Of the nearly 30 peer schools that Iowa's universities use for comparison and benchmarks purposes, only four said their presidents or chancellors have received salary increases for 2011-12. Several schools said presidential pay for the current year has yet to be set, and a few did not respond to a request for information about it.
Iowa's Board of Regents earlier this month approved 4 percent salary increases for Sally Mason at the University of Iowa, Gregory Geoffroy at Iowa State University and Ben Allen at the University of Northern Iowa.
The trend nationally appears to be public university presidents going without salary increases, often for the second or third year in a row, as they struggle with cuts.
Regents President Craig Lang hopes Iowa's ability to give pay raises to its university leaders this year results in bumping the schools up to the middle of the pack among peers when it comes to presidential pay.
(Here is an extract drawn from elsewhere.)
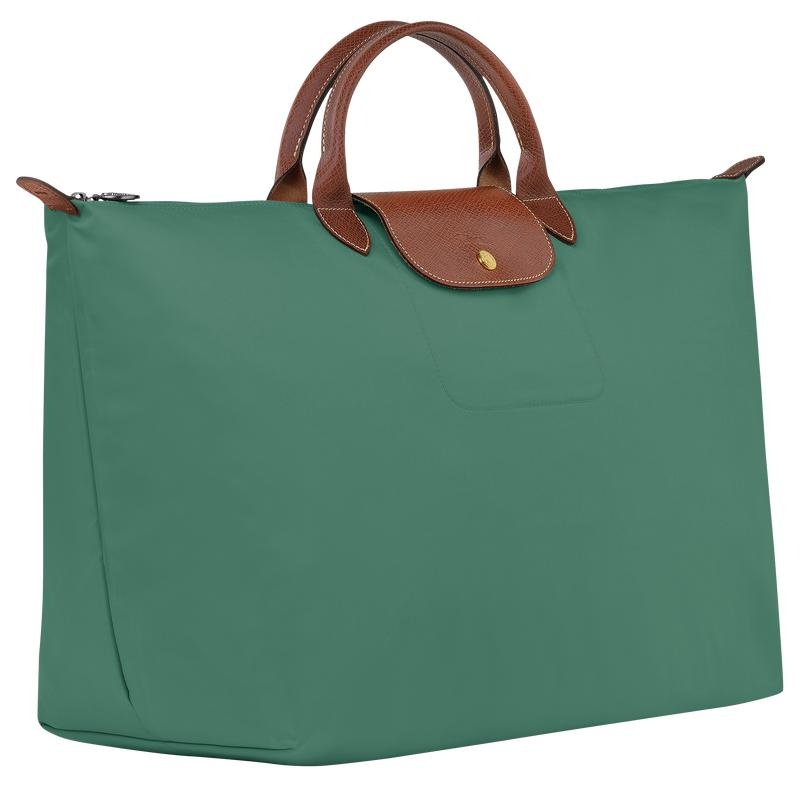 Bolsas de Viaje Longchamp Le Pliage Original S Mujer Verdes | LDKJ-24639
That helps attract and retain good leadership and reward a job well done, Lang said.
ISU and the UI, especially, ranked near the bottom of their peers for presidential pay in recent years. None of the presidents got raises in 2009. Mason got a 3.3 percent increase in 2010-11, her first raise since joining the UI in 2007, and Geoffroy and Allen declined pay raises last year.
“We're not going to be the university that pays the top, but we don't want to be the regent system that pays the lowest,” Lang said. “These are extraordinary people; they have extraordinary skills and leadership. To do anything less than that, when the Iowa economy was stable, in our opinion was not the message we wanted to send.”
The board's desire to get the presidents closer to the middle among peer salaries was secondary to recognizing the leaders for achieving performance goals, such as boosting enrollment and retention, attracting more private funds and external grants during a time of budget cuts and working together to create more efficiencies, Lang said.
“Regardless of what the peer group is, we really wanted to look at the presidents based on their performance to Iowans,” Lang said.
State Rep. Jeff Kaufmann, a Republican from Wilton, called the raises disappointing, given the way the universities and regents officials talked about their critical financial situation during the legislative session.
“So they received that appropriation and now we give people making almost a half-a-million dollars a year a 4 percent increase. Call it Cedar County logic, but something doesn't add up there,” Kaufmann said. “Given what we were told all last session, I don't think this was sensible.”
Despite a leadership change on the board prompted by prodding from Gov. Terry Branstad - Lang is a Republican and former President David Miles is a Democrat - and three new regents appointed by Branstad in the spring, Kaufmann sees the unanimous board vote to increase presidential pay as proof the fiscal direction of the board hasn't changed.
“I believe a board of regents should read the temperature of what Iowans want, believe they should look at the fiscal situation we are in and essentially say no,” Kaufmann said.
Given the competitive environment for university leaders and the number of schools searching for presidents, the board thought giving raises was the right move, Lang said. There was discussion of a 5 percent pay boost for the presidents, he said, but they decided that was not appropriate given the economy. The 4 percent raise was the right level for rewarding performance while recognizing the budget cuts of recent years, he said.
Among the four peer schools where presidents have gotten raises for 2011-12, the pay bumps ranged from 1.7 percent to 12 percent. Those schools were Indiana University (12 percent), Purdue University (3.5 percent), Illinois State (4 percent) and Ohio University (1.7 percent).
Median total compensation, which includes base salary and additional pay such as deferred compensation, was $375,442 in 2009-10 for college presidents, according to the Chronicle of Higher Education.
Many universities, including the UI, ISU and UNI, offer longevity pay in the form of deferred compensation to keep presidents around.